===== LISTED RECORDS

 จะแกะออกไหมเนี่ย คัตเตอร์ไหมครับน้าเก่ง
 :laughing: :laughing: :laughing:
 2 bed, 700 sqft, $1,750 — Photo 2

==========
===== LISTED RECORDS

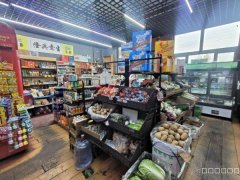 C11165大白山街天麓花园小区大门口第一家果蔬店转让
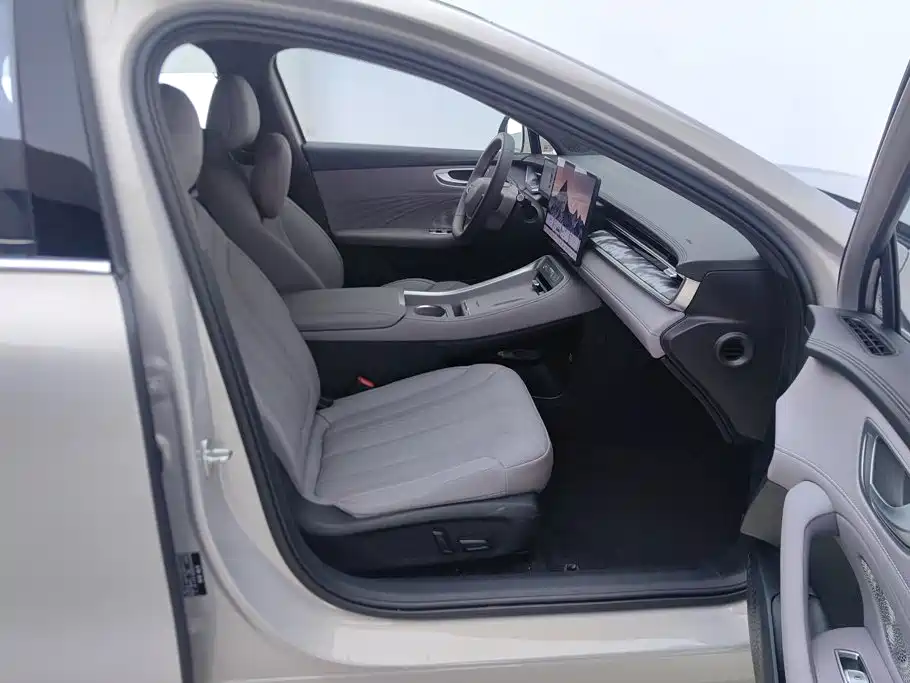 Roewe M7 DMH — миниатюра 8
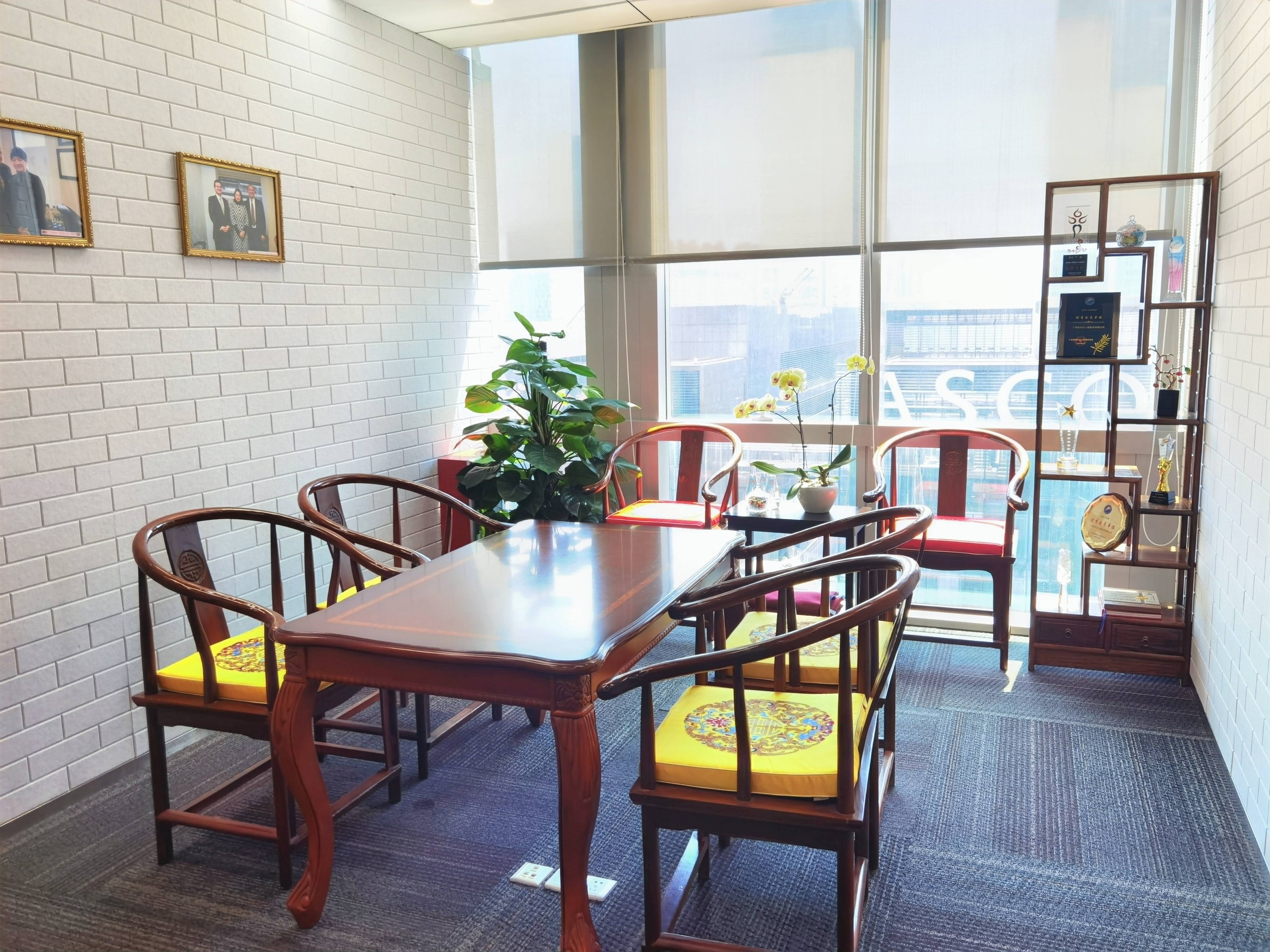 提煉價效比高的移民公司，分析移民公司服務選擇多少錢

==========

The reply should hold the entries above from the line with "Roewe M7 DMH — миниатюра 8" to the line with "提煉價效比高的移民公司，分析移民公司服務選擇多少錢", duplicated exactly, pictures excluded.

• [RESULT FOR THIS EXERCISE]:
 Roewe M7 DMH — миниатюра 8
 提煉價效比高的移民公司，分析移民公司服務選擇多少錢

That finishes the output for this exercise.